Likewise, the fitness of D is

\[xT+(1-x).0 = xT\]

The average fitness is then

\[x(x+(1-x)S) + (1-x)xT\]

Thus

(1)\[\begin{split}\begin{aligned} \frac{dx}{dt} = f(x) & = & x (x+(1-x)S - x(x+(1-x)(S+T))) \nonumber \\ & = & x (1-x) (x+(1-x)S - Tx) \end{aligned}\end{split}\]

is the replicator equation for the general case.

The steady states of equation (1) are \(x_*=0\), \(x_*=1\) and the solution to

\[x_*+(1-x_*)S = Tx_*\]

or

\[x_* = \frac{S}{S+T-1}\]

In order for this steady state to lie between 0 and 1 we need either

• \(T>1\) and \(S>0\)
• or \(T<1\) and \(S<0\)

We can determine the stability of the three steady states by differentiating equation (1) with respect to \(x\) we get:

\[f'(x) = x(1-x)(1-S-T) + (1-2x)(x+(1-x)S-Tx)\]

Evaluating at the steady states we get

\[f'(0) = S\]

so the 0 steady state is stable if \(S<0\).

\[f'(1) = T - 1\]

So the 1 steady state is stable if \(T<1\).
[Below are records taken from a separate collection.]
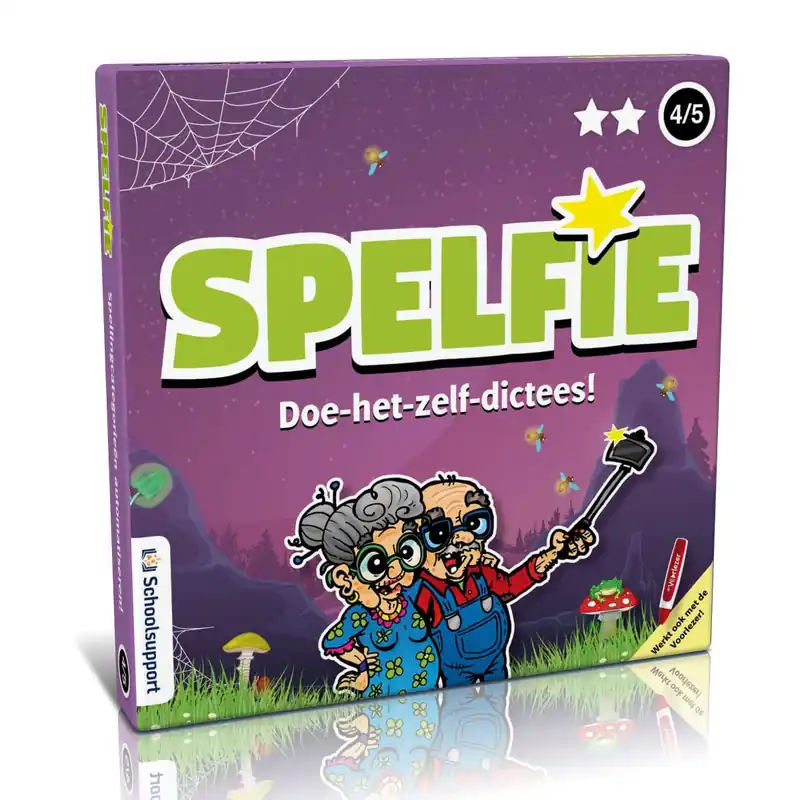 Flitsaanbieding Spelfie groep 4-5 (7-9 jaar)
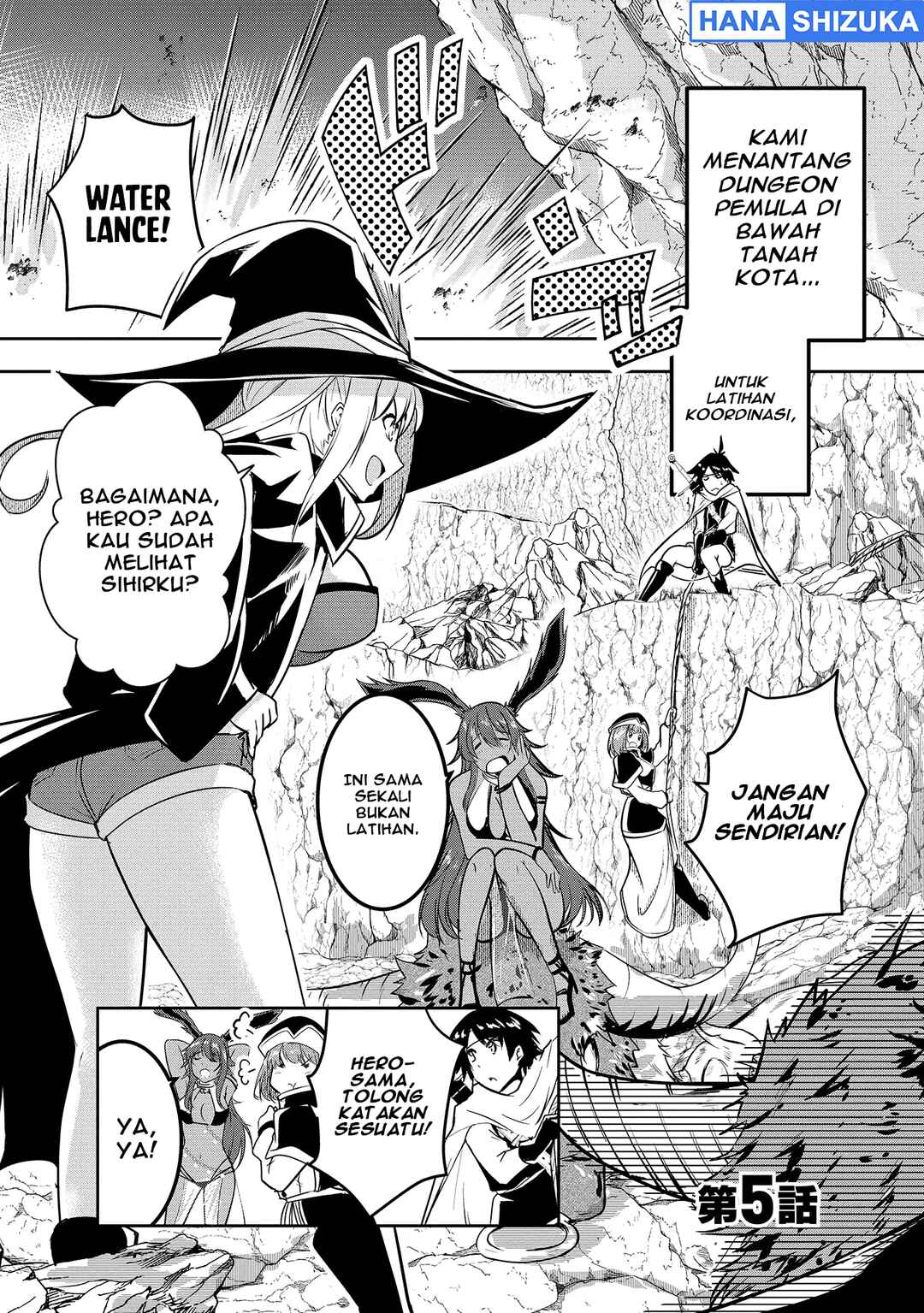 Yuusha-sama, Sakuya mo Otanoshimi deshita ne. Chapter 5 - Page 2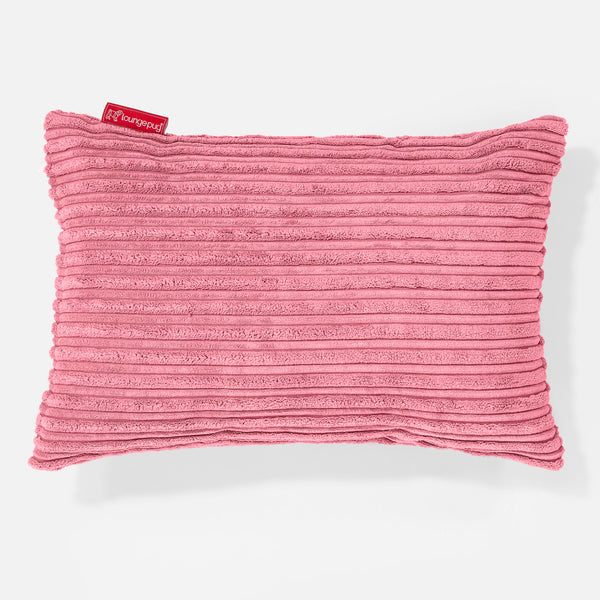 Kissen 35 x 50cm - Cord Koralle 01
\[\begin{split}\begin{aligned} f'\left(\frac{S}{S+T-1}\right) & = & -S (1 - \frac{S}{S+T-1}) \\ & = & \frac{S(T-1)}{1-S-T} \end{aligned}\end{split}\]

Thus the co-existence steady state is stable if both \(T>1\) and \(S>0\), but unstable if \(T<1\) and \(S<0\).

Below we illustrate how the stability is determined in the \(ST\) plane.

FIGURE HERE

We now consider some further examples. The prisoners dilemma is

individual/opponent	Keep quiet	Blame other
Keep quiet	1	\(S=-1/4\)
Blame other	\(T=5/4\)	0

Here \(S<0\) and \(T>1\) and the stable strategy is to keep quiet. Here the situation is very bad for the population as a whole. The group could do best by all co-operating but by acting rationally or following natural selection all will defect.

The stag hunt is

individual/opponent	Group	Self
Group	1	\(S=-1/4\)
Self	\(T=1/2\)	0

thus \(S<0\) and \(T<1\), so all defect and all co-operate are both stable. The steady state

\[\frac{S}{S+T-1} = \frac{1}{3}\]

thus if \(x(0)>1/3\) then all defect, if \(x(0)<2/3\) then all co-operate. Stag hunts are hard to establish but when established are stable to defection.